La relación de los cantantes ligeros españoles con el festival ha llegado a ser tan frustrante para la música en nuestra lengua patria que provoca, en el espectador más joven, una reacción muy freak e irrespetuosa frente a Eurovisión. La elección de Rodolfo Chikilicuatre y su Chiki chiki en 2008 fue la culminación de esta entre burlesca y surrealista actitud ante las galas más horteras del viejo continente, siguiendo una de las grandes cosmovisiones hispánicas, la del pícaro descreído. De hecho, el ánimo desatado por la gran teta de Rigoberta Bandini se sitúa en la misma longitud de onda. El feminismo alcanza su punto más venusiano.
La crisis melódica española, no exenta del cariz idiomático, fulminados por el éxito anglosajón en expresión muy de Luis García Montero, era compartida por otros países mediterráneos de larga tradición musical, como Italia. La RAI italiana, tras retirarse doce años de la pérfida Eurovisión, se encomendó al legendario festival de San Remo para terminar ganando el año pasado con un tema punk muy del gusto juvenil: La falsa asimilación del underground en la salita de casa. Es entonces cuando RTVE ve la luz y desempolva el festival de Benidorm, ciudad playera que fue cuna de los primeros bikinis españoles y la libertad sexual, donde animaron sus veladas en el Delfín o el Don Pancho artistas como Manolo Escobar, el Dúo Dinámico o Conchita Velasco, y en cuyo festival hicieron apariciones estelares desde Julio Iglesias a Raphael o Bruno Lomas.
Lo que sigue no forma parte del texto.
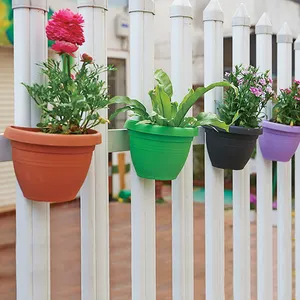 Outdoor Garden Decor Plastic Wall Hanging Planter Flower Pots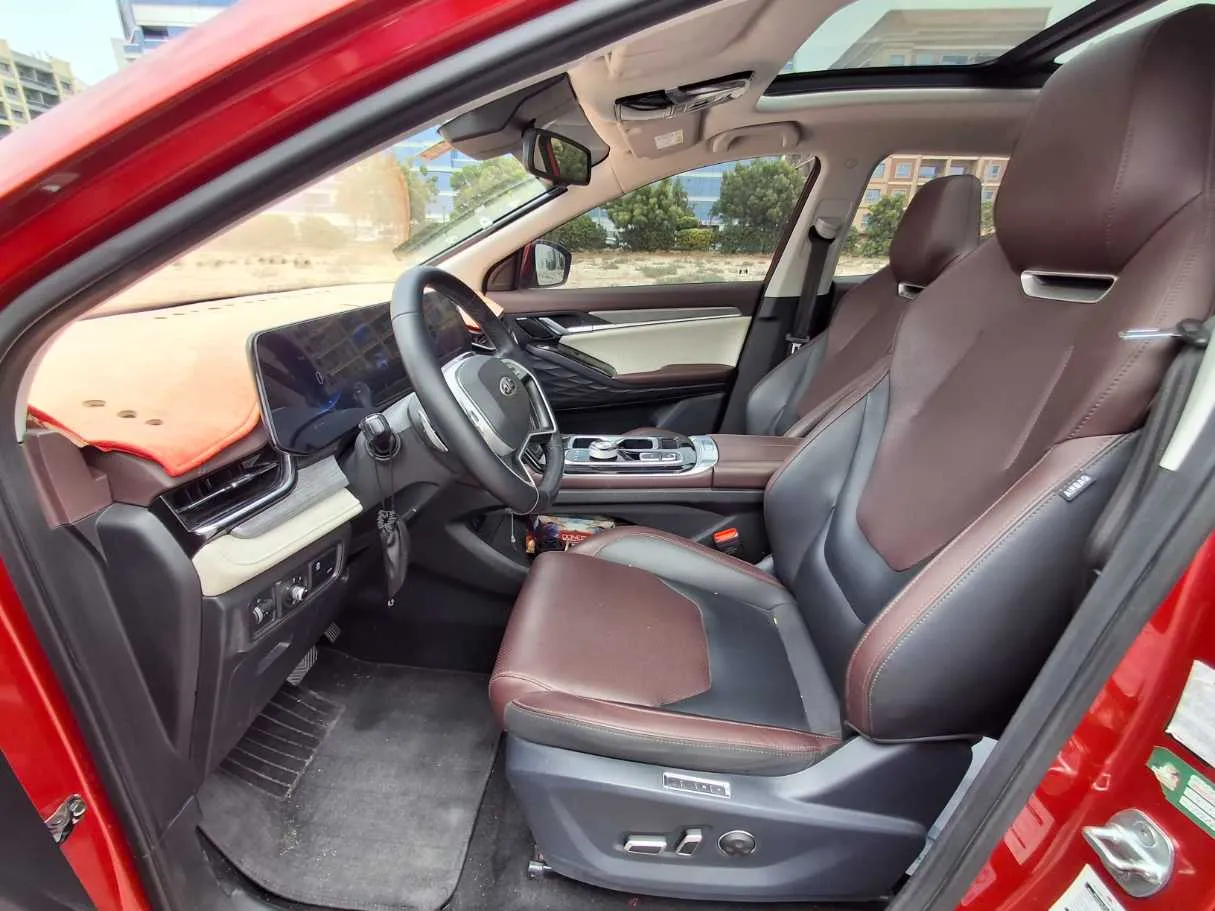 Car image 12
Benidorm competía en aquellos años 60 con el festival del Mediterráneo de Barcelona, donde emergían artistas como Torrebruno, Nana Moskouri o la eurovisiva Salomé, con la que ganó junto a Raimon y Se’n va anar en 1963, cantando en catalán/valenciano. La música, todavía, era políticamente inofensiva. Más de medio siglo después, en cambio, las panderetas en otros idiomas periféricos del trío gallego Tanxugueiras fueron derrotadas a pesar de su conexión popular.
Así que la idea de resucitar el festival de Benidorm como preámbulo a Eurovisión ha sido acogida con entusiasmo de la audiencia. La propia RTVE ha llevado a cabo una gran apuesta. A pesar del mediocre nivel de las canciones y de los intérpretes que han participado en la reedición, ha tirado la casa por la ventana con una producción moderna y sofisticada. El grafismo televisivo y la puesta en escena con coreografías singulares para todos los concursantes eran de un nivel increíble. Cada tema podría confundirse con un escenario vanguardista de Calixto Bieito para una ópera de Wagner en Bayreuth.
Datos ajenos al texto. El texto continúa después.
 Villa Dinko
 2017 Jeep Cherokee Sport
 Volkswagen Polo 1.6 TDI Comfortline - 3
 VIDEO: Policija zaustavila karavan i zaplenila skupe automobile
Felicidad por el festival que comparte la patronal hotelera de Benidorm, Hosbec, posiblemente la más atrevida de las organizaciones empresariales. Como también lo hace la Generalitat Valenciana, cuyo secretario autonómico de turismo, Francesc Colomer, superando los prejuicios progres, ha decidido invertir el presupuesto público en cuantos intangibles puedan ayudar a mantener el negocio del turismo, que representa una cuarta parte de la riqueza autonómica.
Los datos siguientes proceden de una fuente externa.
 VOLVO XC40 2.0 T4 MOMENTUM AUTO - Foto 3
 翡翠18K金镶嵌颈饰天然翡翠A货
Benidorm ha sido siempre una no ciudad, una especie de Las Vegas del Mediterráneo, dedicada al monocultivo del turismo en todas sus vertientes. Turismo para todos, sin importar la procedencia o las creencias. Un melting pot interclasista alabado por urbanistas como Mario Gaviria y José Miguel Iribas, enloquecida metrópolis para el genial arquitecto holandés Winy Maas, y a la que su ahijado político Eduardo Zaplana trató de redimir con un parque de atracciones, urbanizando solares al norte de la autopista. Tal vez recuperar también el Mediterráneo de Barcelona coadyuvara a sofocar las tensiones nacionalistas. El pueblo que canta unido permanece unido, y en España no sabemos cantar desde que las coplas y los boleros pasaron de moda.
Mientras esto sucede en los carriles populistas, conviene retomar la colección dedicada a la música seria por la editorial Acantilado. Lo más detox. La biografía de Beethoven, de Jan Swafford, un libro monumental de más de 1.400 páginas y sin concesiones a la mitomanía. O el viaje casi espeleológico de sir John Eliot Gardiner, a través de la obra de Johan Sebastian Bach, en La música en el castillo del cielo. La pasión ilustrada y el aburrimiento protestante. La música, mayúscula, filosofía y consuelo en palabras de Ramón Andrés, pero también, como apunta el melómano Joaquín Arnau, “una forma de conservar la irrenunciable reserva de libertad”.